Adventures in Funeral Crashing

Adventures In Funeral Crashing (Funeral Crashing #1) - Milda Harris

Okay!!! There are some good points and some bad points for this tale, and I’ll try listing any that spring to mind to try and explain my middle-of-the-road rating!!!!

What could use working on!!!!

-the punctuation could use working on! It was pretty distracting! There were commas all over the place where no commas were needed! And there were commas where there should have been periods! On top of those, I don’t think I have ever read a story before with quite! so many! exc!amation marks!!!! They were everywhere! It almost read as though the narrator was either constantly yelling or constantly surprised! When it gets to the point that I’m noticing the (sometimes) 10+ exclamation marks on each page, some serious culling is in order.

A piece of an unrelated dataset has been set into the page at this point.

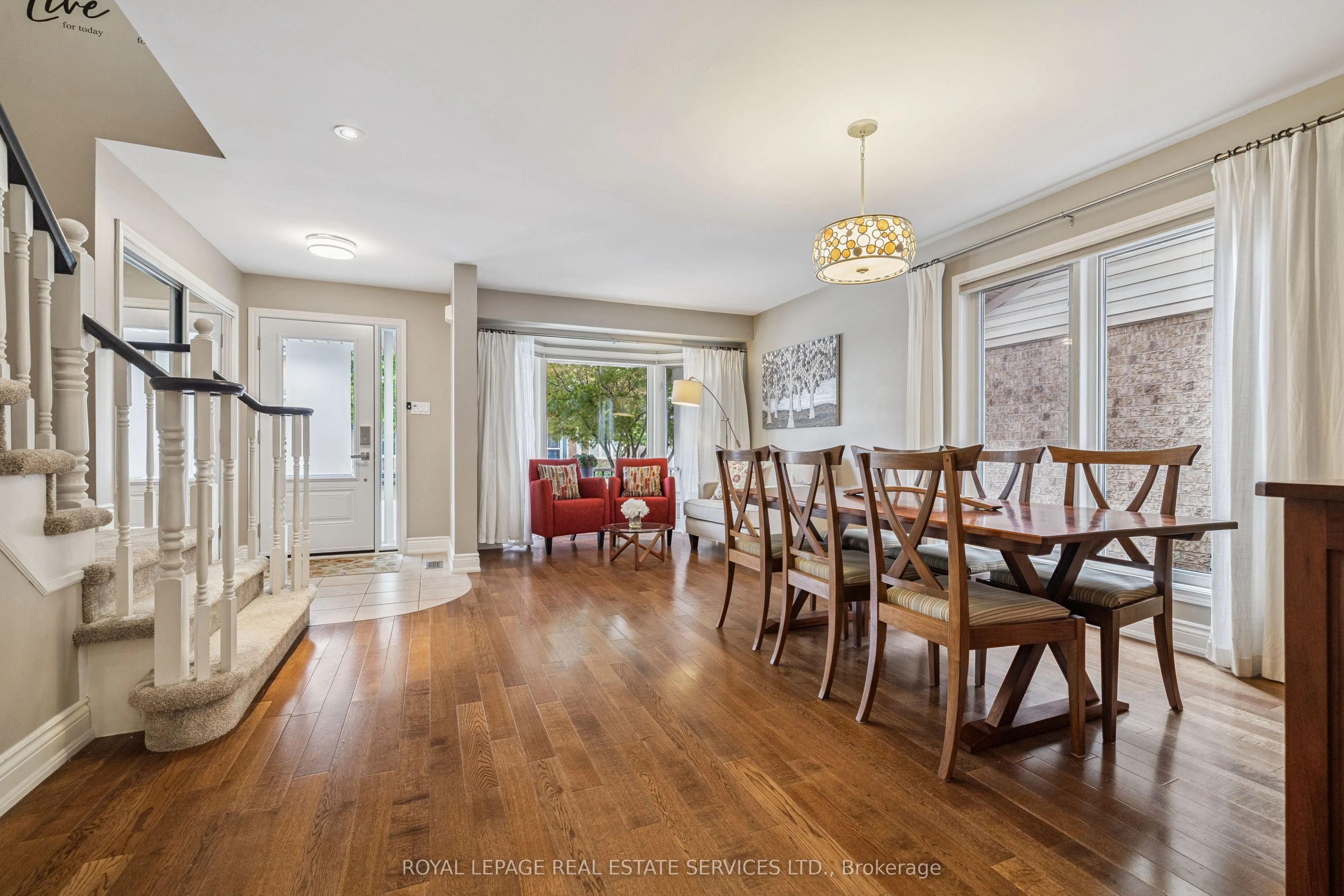 5186 Ravine Crescent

-tense. The author could do with figuring out which tense she wants to use and attempting to stick to it. At one point, I had no idea what tense this story was supposed to be written in and it took some effort to switch off my inner editor and ignore it enough to read on. When the tense is consistent, it strengthens the writing and makes everything a lot clearer for the reader to follow.

-the voice. Yes, this is a teen novel. And yes, the teen voice of the narrator was pretty effective (which I’ll mention in my pluses in a mo) but there was inconsistencies there. The author had obviously gone to great lengths (sometimes overdoing it with the repetitions and waffling to the point of distraction) but then there were so few contractions that from one breath to the next the dialogue or narration went from authentic to unrealistic and wooden. No teen on earth says I am instead of I’m (or any other such familiar sayings). Half the time, they drop the opening word of a complete sentence. This is supposed to be a modern day, YA story and the lack of slang and contracted words stole the chance to solidify that–especially as this being in 1st person POV would have made it acceptable for it to bleed over into the narration from the dialogue.

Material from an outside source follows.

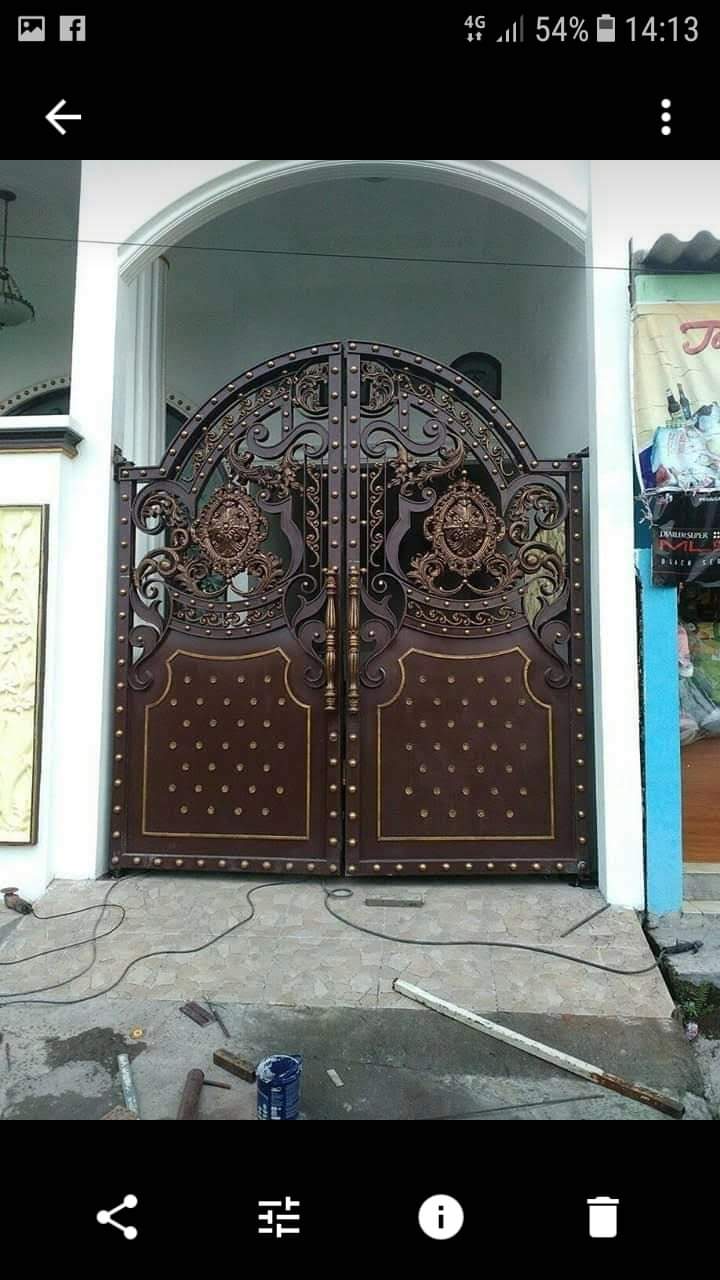Pintu Besi Tempa Mewah Klasik Solo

-swear word. Note I use the singular. This is simply because you spent the entire tale barely hearing a bad word leave Kait’s lips and then we have a sudden narration right near the end that she needed to get the f*** out of there during the store finale scene. It just didn’t sit right and seemed to slip so far out of character, it jarred. Just my opinion, of course.

What was pretty cool:

-the voice … but only to an extent. It may well be my age, but I found I couldn’t read this in long sittings or the voice would begin to grate on me. It might benefit from being toned down just a touch and maybe using the extra word count to add in some showing instead of the telling that the entire story seemed to consist of. That being said, it was the voice that enabled me to imagine this coming from the mind of a teen because I do actually know a couple of teens who talk this way (and, yep, they drive me a little nuts, too, lol) so it certainly rang true.

-Kait. She is (despite her voice getting on my nerves) a really likeable and relate-able character who we see grow in confidence throughout the tale. She is one half of the driving force of this story, alongside ….:

-Ethan Ripley. If I were a teen, I’d be thinking ‘yum’. And not just from his physical description but from the entire package the author created in this dude. He’s adorable and it’s easy to see what might have Kait so hooked.

-the plot. Although I did kinda manage to start piecing the fragments together before the end, this was fairly well woven and fun to follow. It might have been nice to add on an epilogue for the Homecoming ball though, just for kicks.

Now I’m interested in seeing a few more reviews from younger readers to see if my few complaints are to do with my fuddy-duddy view.